==== Record extracts
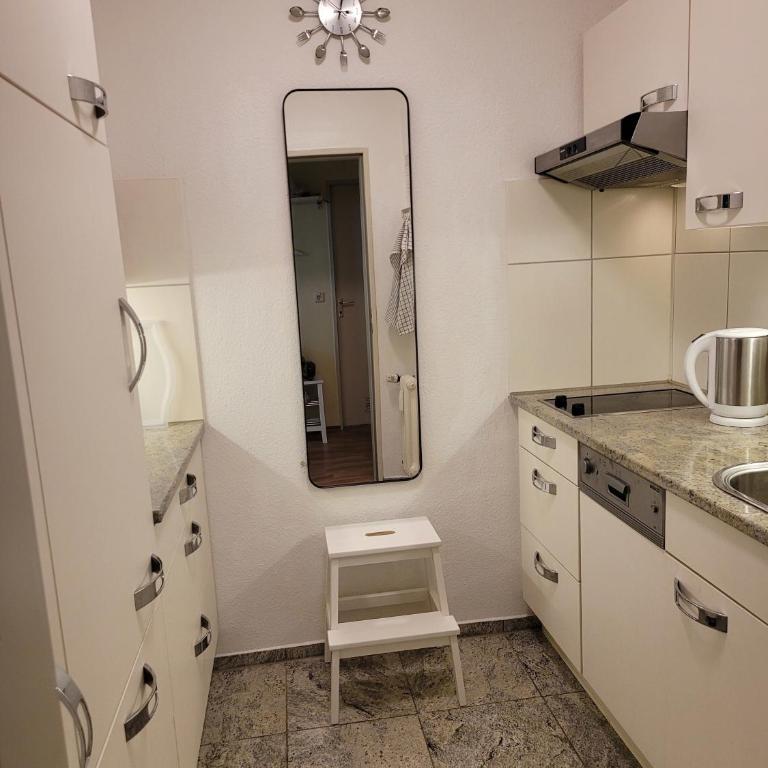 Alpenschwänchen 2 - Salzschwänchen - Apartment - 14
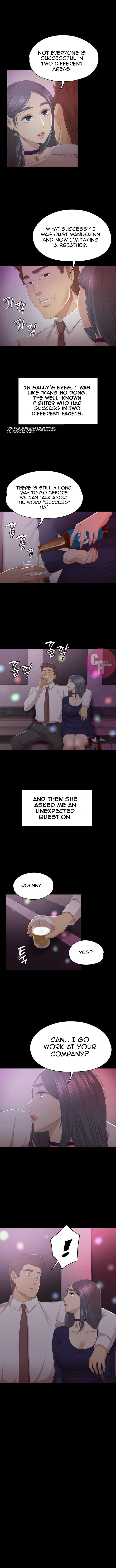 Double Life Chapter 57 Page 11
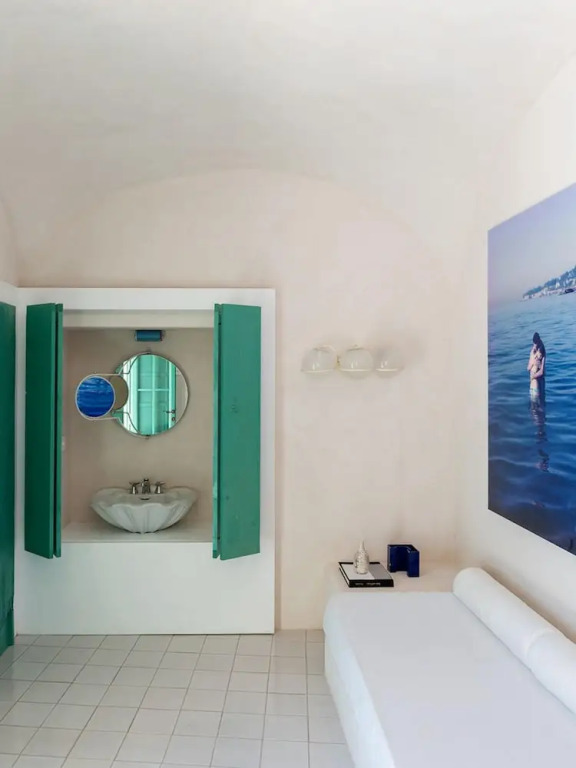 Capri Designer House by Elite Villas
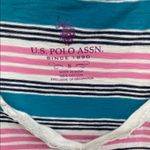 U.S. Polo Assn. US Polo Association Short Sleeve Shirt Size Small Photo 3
========
==== Record extracts
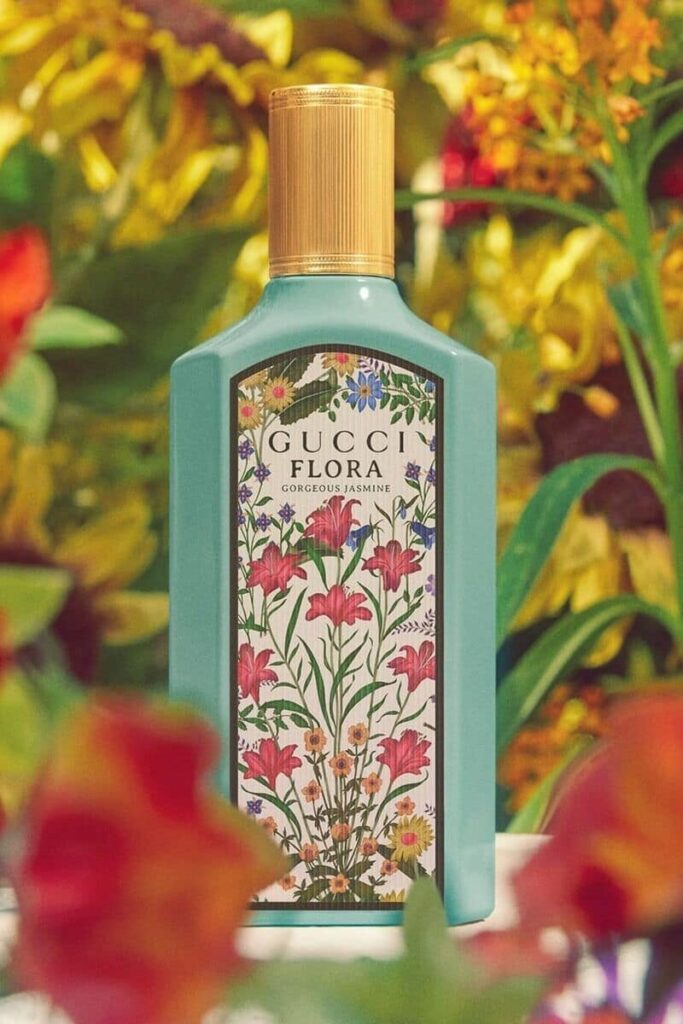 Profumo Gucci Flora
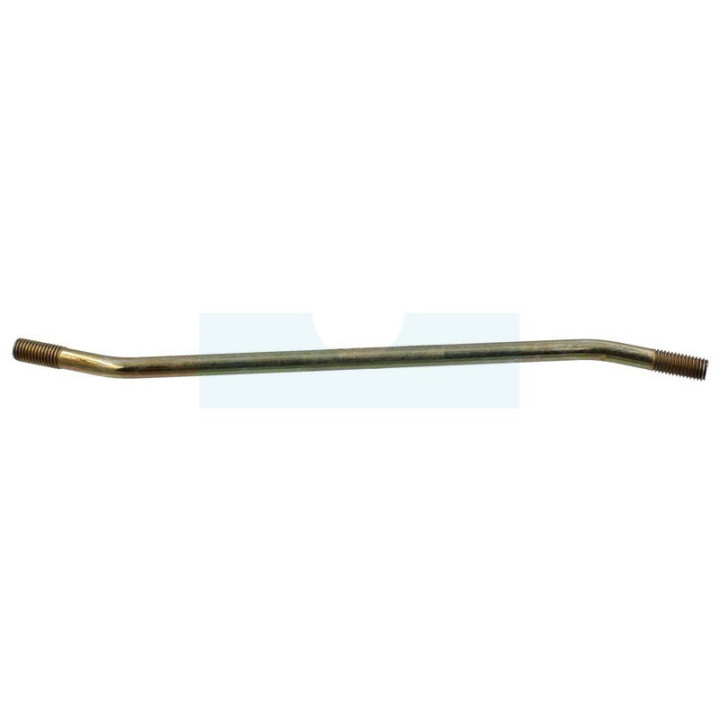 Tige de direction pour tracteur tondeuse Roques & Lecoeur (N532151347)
========
==== Record extracts
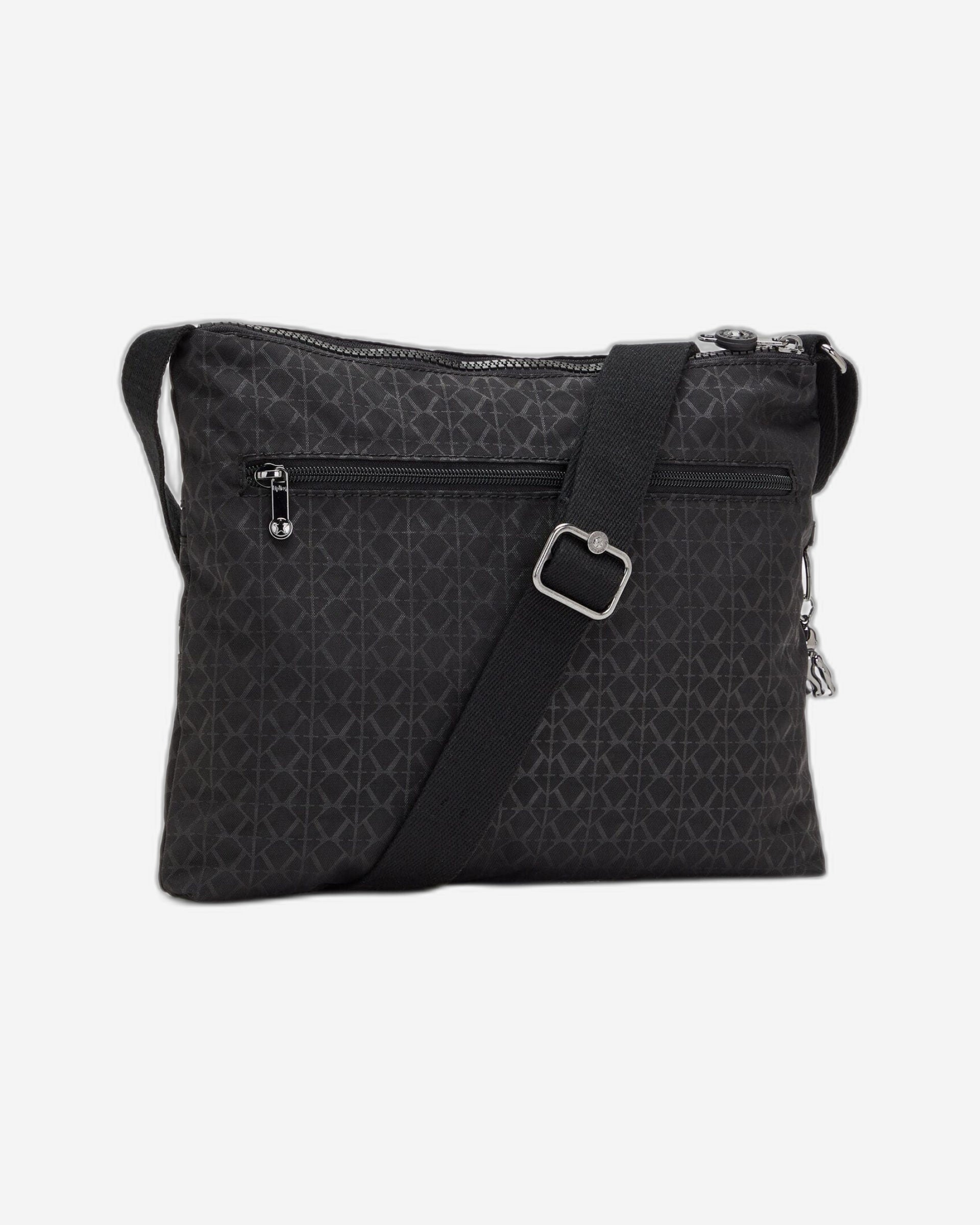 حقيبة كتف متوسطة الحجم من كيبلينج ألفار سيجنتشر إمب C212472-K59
========
About this task: Print everything from the line with "Alpenschwänchen 2 - Salzschwänchen" down to the line with "U.S. Polo Assn." in the entries above, both lines included and nothing more, without the pictures.

Response box:
 Alpenschwänchen 2 - Salzschwänchen - Apartment - 14
 Double Life Chapter 57 Page 11
 Capri Designer House by Elite Villas
 U.S. Polo Assn. US Polo Association Short Sleeve Shirt Size Small Photo 3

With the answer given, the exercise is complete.